Groq
Groq is known for its custom LPU inference chip, offering the fastest AI inference in the industry. Free API supports Llama 3.3 70B, Llama 4 Scout/Maverick, Mixtral, Gemma 2, DeepSeek R1 distilled, and more. Llama 3.3 70B at 6000 tokens/min completely free, several times faster than GPU solutions. API keys start with gsk_, OpenAI-compatible format, switch with one line of code. Ideal for ultra-fast inference: real-time chat, code completion, streaming output.
🎁 Free Tier
Daily Limit: 6000 tokens/min (Llama 3.3 70B)

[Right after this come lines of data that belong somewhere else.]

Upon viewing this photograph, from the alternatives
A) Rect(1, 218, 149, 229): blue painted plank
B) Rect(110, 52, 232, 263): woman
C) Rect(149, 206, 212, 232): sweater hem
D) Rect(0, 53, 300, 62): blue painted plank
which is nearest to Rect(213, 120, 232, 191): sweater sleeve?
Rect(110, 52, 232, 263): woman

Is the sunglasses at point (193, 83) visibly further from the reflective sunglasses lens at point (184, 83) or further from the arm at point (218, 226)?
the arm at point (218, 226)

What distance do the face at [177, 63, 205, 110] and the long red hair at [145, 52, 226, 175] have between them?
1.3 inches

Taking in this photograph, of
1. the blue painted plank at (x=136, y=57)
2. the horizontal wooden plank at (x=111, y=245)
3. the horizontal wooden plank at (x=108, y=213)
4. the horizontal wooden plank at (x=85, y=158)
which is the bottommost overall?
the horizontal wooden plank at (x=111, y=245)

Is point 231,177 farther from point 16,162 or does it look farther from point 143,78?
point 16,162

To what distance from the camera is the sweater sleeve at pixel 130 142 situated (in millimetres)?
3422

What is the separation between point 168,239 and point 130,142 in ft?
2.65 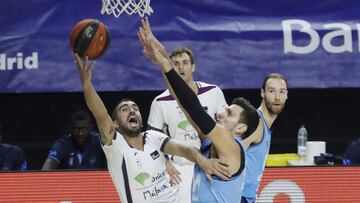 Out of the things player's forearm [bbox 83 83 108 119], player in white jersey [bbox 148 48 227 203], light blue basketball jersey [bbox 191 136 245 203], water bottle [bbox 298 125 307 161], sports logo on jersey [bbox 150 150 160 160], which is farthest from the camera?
water bottle [bbox 298 125 307 161]

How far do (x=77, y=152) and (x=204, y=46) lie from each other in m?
1.76

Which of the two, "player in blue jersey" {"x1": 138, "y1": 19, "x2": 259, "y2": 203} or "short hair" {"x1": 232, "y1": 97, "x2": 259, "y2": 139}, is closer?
"player in blue jersey" {"x1": 138, "y1": 19, "x2": 259, "y2": 203}

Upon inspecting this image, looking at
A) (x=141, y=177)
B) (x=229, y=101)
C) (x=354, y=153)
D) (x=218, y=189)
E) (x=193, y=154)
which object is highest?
(x=193, y=154)

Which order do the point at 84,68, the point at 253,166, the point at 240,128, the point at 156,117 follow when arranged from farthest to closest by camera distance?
the point at 156,117 → the point at 253,166 → the point at 84,68 → the point at 240,128

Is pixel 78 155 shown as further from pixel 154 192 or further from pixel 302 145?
pixel 302 145

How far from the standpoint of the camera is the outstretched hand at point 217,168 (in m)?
6.63

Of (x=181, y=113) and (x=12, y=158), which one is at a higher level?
(x=181, y=113)

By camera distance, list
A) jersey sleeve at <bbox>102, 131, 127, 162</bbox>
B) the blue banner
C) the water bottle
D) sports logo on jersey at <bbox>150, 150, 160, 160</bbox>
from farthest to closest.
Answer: the blue banner → the water bottle → sports logo on jersey at <bbox>150, 150, 160, 160</bbox> → jersey sleeve at <bbox>102, 131, 127, 162</bbox>

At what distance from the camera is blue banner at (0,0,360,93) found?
10844mm

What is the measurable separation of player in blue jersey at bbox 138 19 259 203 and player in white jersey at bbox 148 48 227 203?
2.90 meters

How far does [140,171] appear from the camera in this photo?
8.46 meters

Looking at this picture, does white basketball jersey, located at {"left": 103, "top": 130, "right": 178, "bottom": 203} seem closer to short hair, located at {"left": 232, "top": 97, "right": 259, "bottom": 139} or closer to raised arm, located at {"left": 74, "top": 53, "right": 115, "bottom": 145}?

| Model | Context | Limit | Notes |
|---|---|---|---|
| Llama 3.3 70B Versatile | 128k | 30 RPM / 6000 TPM | World's fastest inference, 6000 tokens/min free, LPU chip accelerated |
| Llama 4 Scout 17B | 128k | 30 RPM / 6000 TPM | Meta Llama 4 Scout, MoE architecture, free to use |
| Llama 4 Maverick 17B | 128k | 30 RPM / 6000 TPM | Meta Llama 4 Maverick, MoE architecture, free to use |
| Mixtral 8x7B | 32k | 30 RPM / 5000 TPM | MoE architecture, cost-effective |
| Gemma 2 9B | 8k | 30 RPM / 15000 TPM | Google Gemma 2, ultra-fast small model |
| DeepSeek R1 Distill Llama 70B | 128k | 30 RPM / 6000 TPM | DeepSeek R1 distilled, strong reasoning |
🔑 Free API
Free Credits: Free tier(永久免费)
Rate Limit: 30 RPM / 6000 TPM
Free API powered by custom LPU (Language Processing Unit) chip, 10x+ faster than GPU. API keys start with gsk_. OpenAI-compatible format. Free tier has rate limits but no total cap, very generous for personal development.